THE RACE: Parties are looking back to see ahead
With President Barack Obama and Republican Mitt Romney running neck and neck for weeks, both parties are looking back for guidance to the way ahead.
They see different models for winning.
At first, Democrats eyed 1984 for inspiration. First-term President Ronald Reagan suffered falling approval ratings and the aftermath of deep recession. Federal deficits were soaring, and Democrat Walter Mondale made them a top issue. Still, Reagan won by a landslide.
But he had a surging economy at his back. Deficits had improved. Inflation, peaking at 10.8 percent in November-December 1982, was down to 7.5 percent by August 1984, eventually falling to 7.2 percent in November.
Obama can't count on any such lift.
Unemployment was a brutal 8.3 percent in July and seems likely to stay in that vicinity for the next few months. No post-World War II president has been re-elected with unemployment over 8 percent.
Democrats now are eyeing 2004. President George W. Bush was burdened by two wars and a mostly jobless recovery. His approval ratings in the summer hovered around 50 percent. Yet Democratic nominee Sen. John Kerry had his own problems: his wealth, flip-flops on issues and difficulty in connecting with average Americans. Incumbent Bush won narrowly.
Republicans fondly recall 1980, when GOP nominee Reagan beat Democratic President Jimmy Carter.
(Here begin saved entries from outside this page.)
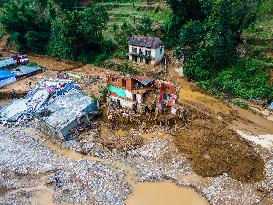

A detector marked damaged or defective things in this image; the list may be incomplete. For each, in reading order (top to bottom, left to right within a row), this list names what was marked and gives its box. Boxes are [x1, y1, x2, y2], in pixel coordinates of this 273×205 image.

damaged house [127, 34, 164, 64]
damaged house [106, 73, 176, 113]
damaged house [37, 88, 98, 139]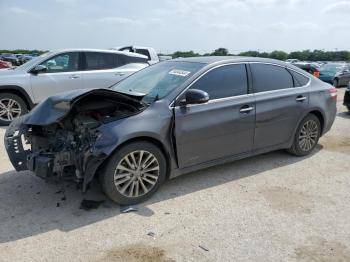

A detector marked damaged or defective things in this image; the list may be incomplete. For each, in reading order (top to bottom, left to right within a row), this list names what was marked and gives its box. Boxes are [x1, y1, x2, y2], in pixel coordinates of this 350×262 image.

front end damage [4, 89, 144, 190]
crumpled front hood [24, 88, 145, 126]
damaged gray sedan [3, 57, 336, 205]
detached car part on ground [4, 56, 338, 205]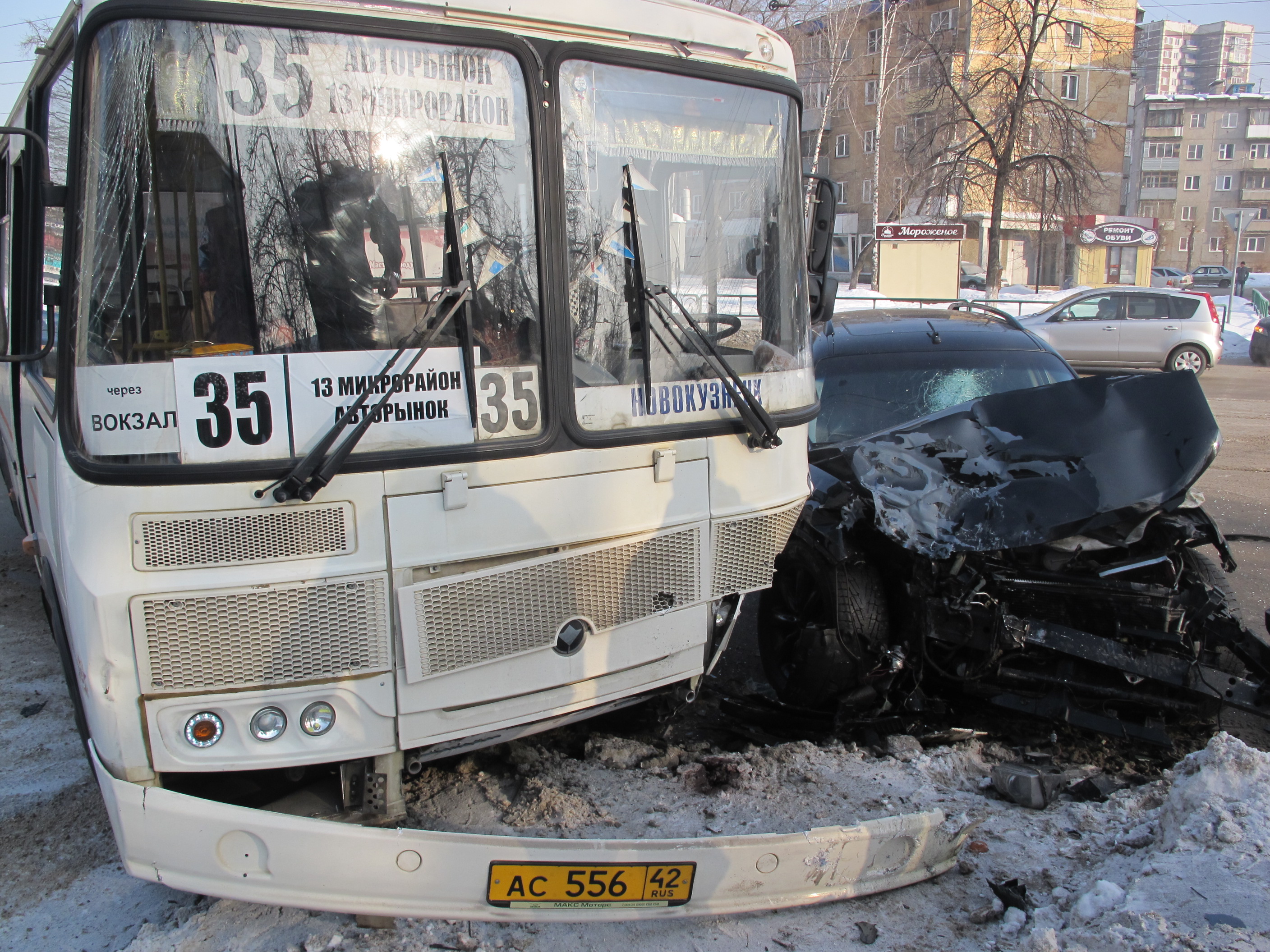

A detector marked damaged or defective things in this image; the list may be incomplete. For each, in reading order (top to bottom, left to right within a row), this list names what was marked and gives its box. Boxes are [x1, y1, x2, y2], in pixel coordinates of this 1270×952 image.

cracked windshield [73, 18, 541, 467]
car cracked windshield [74, 20, 541, 467]
car cracked windshield [564, 60, 813, 431]
cracked windshield [564, 60, 818, 431]
cracked windshield [813, 348, 1072, 447]
car cracked windshield [813, 350, 1072, 447]
damaged dark car [752, 310, 1270, 751]
car crumpled hood [813, 368, 1219, 556]
broken car bumper [94, 746, 970, 919]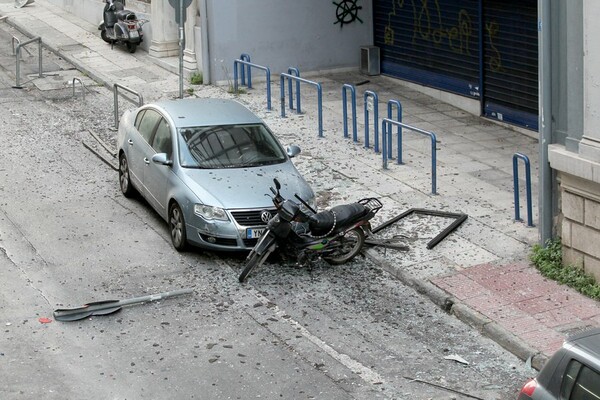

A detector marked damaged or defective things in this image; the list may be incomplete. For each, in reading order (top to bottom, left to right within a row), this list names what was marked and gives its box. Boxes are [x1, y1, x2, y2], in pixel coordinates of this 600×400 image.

damaged motorcycle [99, 0, 145, 53]
bent metal barrier [13, 36, 42, 88]
bent metal barrier [111, 83, 143, 130]
bent metal barrier [233, 55, 274, 111]
bent metal barrier [282, 73, 324, 138]
bent metal barrier [382, 116, 438, 195]
bent metal barrier [510, 153, 536, 227]
damaged motorcycle [238, 178, 382, 282]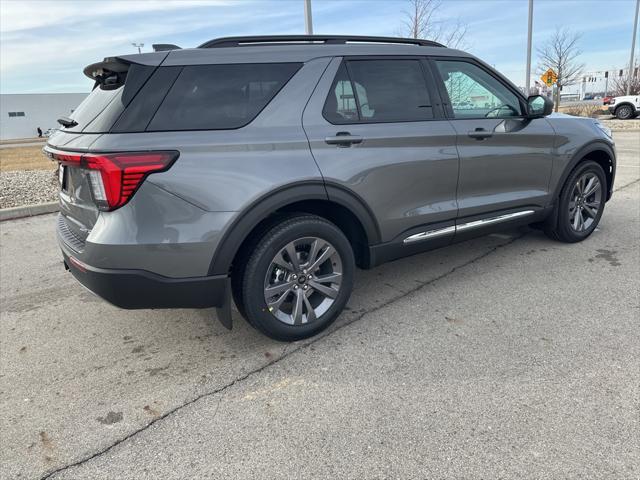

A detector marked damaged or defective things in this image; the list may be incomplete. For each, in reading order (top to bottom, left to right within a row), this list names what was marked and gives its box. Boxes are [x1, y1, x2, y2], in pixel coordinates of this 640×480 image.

crack in pavement [40, 231, 528, 478]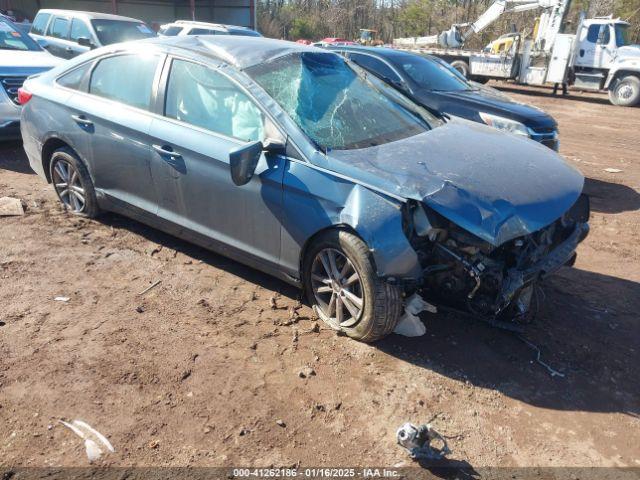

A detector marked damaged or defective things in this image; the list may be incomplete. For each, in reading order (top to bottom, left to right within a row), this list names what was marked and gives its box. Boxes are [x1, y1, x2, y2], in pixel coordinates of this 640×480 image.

blue damaged sedan [20, 36, 592, 342]
crushed hood [328, 117, 584, 246]
crumpled front end [404, 193, 592, 324]
damaged headlight area [404, 195, 592, 326]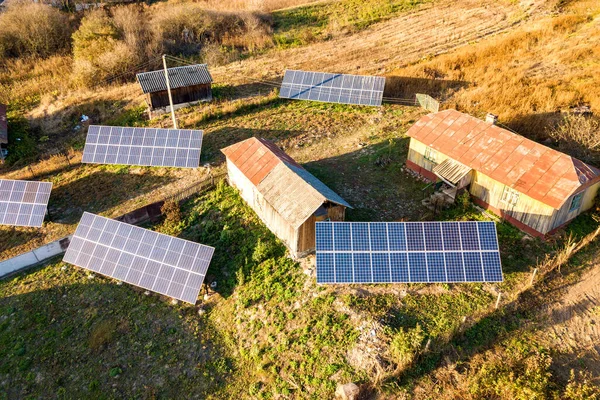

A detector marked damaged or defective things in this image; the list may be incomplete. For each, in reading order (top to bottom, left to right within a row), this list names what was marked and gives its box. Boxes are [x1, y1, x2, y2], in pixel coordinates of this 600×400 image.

rusty red corrugated metal roof [220, 137, 352, 228]
rusted metal sheet [221, 138, 352, 230]
rusty red corrugated metal roof [406, 109, 600, 209]
rusted metal sheet [406, 109, 600, 209]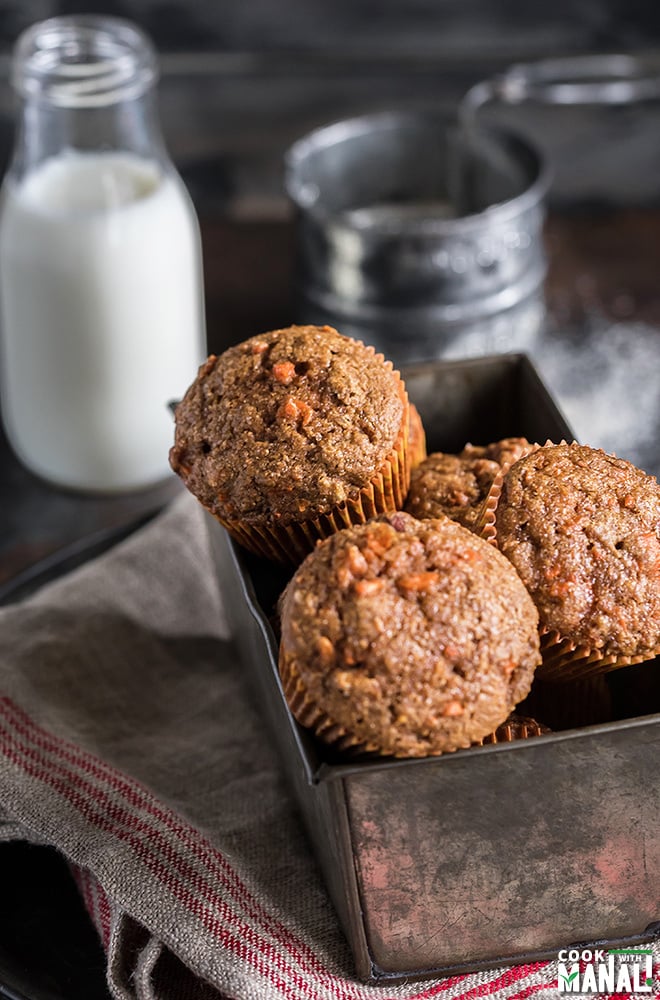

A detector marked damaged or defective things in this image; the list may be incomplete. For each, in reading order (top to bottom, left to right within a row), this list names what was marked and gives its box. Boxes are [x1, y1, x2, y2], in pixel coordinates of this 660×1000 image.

rusty metal pan [208, 352, 660, 984]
Weighing down the incumbent were a weak economy, energy shortages and a hostage crisis in Iran.
Some Republicans, concerned that Romney has failed to pull ahead despite the listless economy, also look to 1988, when Vice President George H.W. Bush overtook Michael Dukakis. Bush was helped by a strong convention speech, good debate performances and a fierce advertising campaign.
Romney spent Monday at his New Hampshire vacation home. Obama planned to raise funds in Connecticut after White House meetings.